**YOUR TASK**
From the records below, output exactly the lines starting at the line with "DFC silver auto part" and ending at the line with "Mated to the Tyrant Alpha:Our Blood Calls", both of them included, but no pictures.

**TASK INPUT**
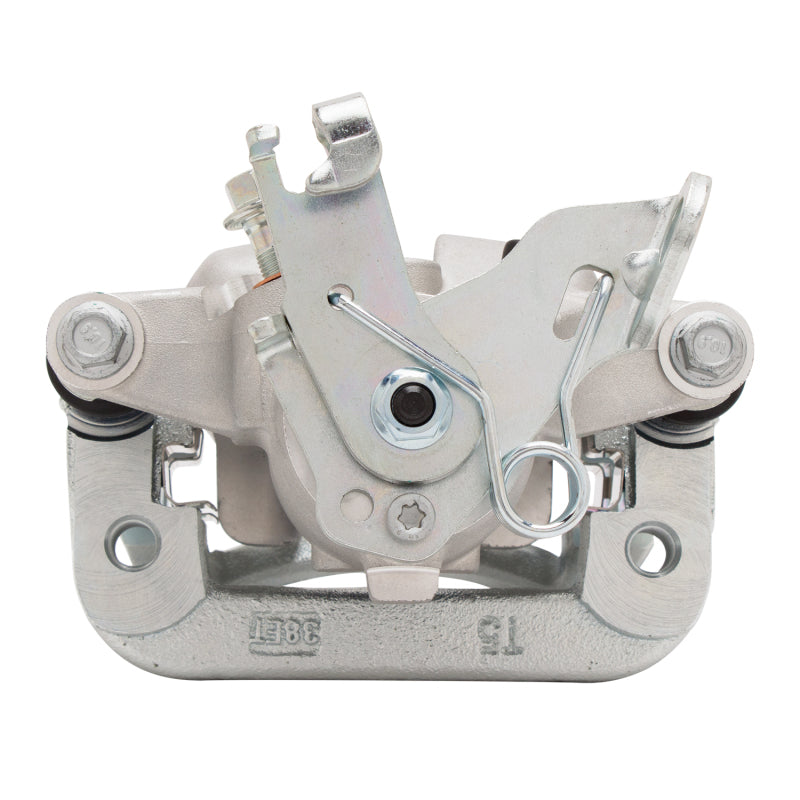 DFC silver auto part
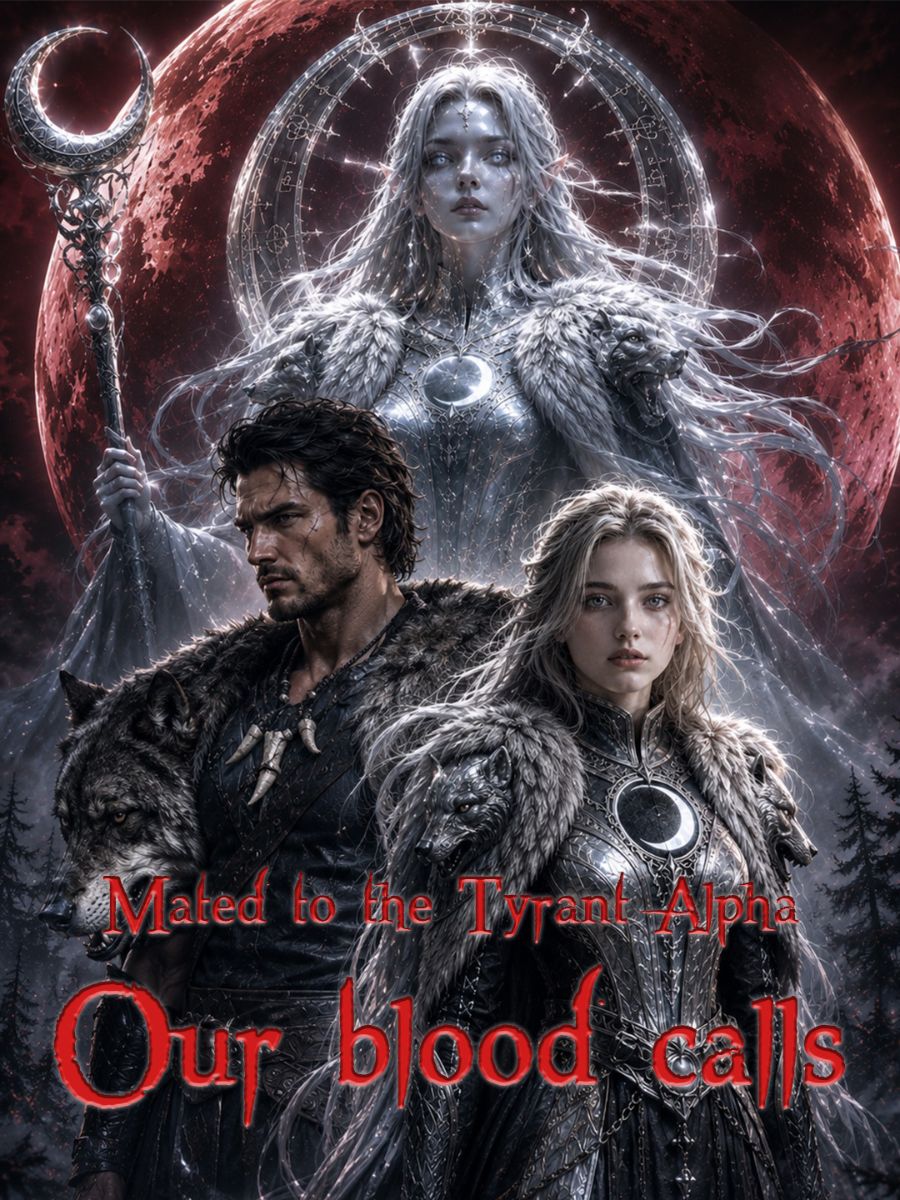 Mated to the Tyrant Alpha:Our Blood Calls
* * *
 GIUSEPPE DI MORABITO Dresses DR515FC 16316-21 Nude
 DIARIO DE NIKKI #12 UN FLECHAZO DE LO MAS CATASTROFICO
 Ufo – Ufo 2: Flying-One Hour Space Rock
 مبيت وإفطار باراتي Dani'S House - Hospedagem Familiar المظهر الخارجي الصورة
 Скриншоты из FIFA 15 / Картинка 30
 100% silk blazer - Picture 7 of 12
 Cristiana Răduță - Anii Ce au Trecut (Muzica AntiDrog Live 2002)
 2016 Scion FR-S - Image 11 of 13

**RESULT OF THIS TASK**
 DFC silver auto part
 Mated to the Tyrant Alpha:Our Blood Calls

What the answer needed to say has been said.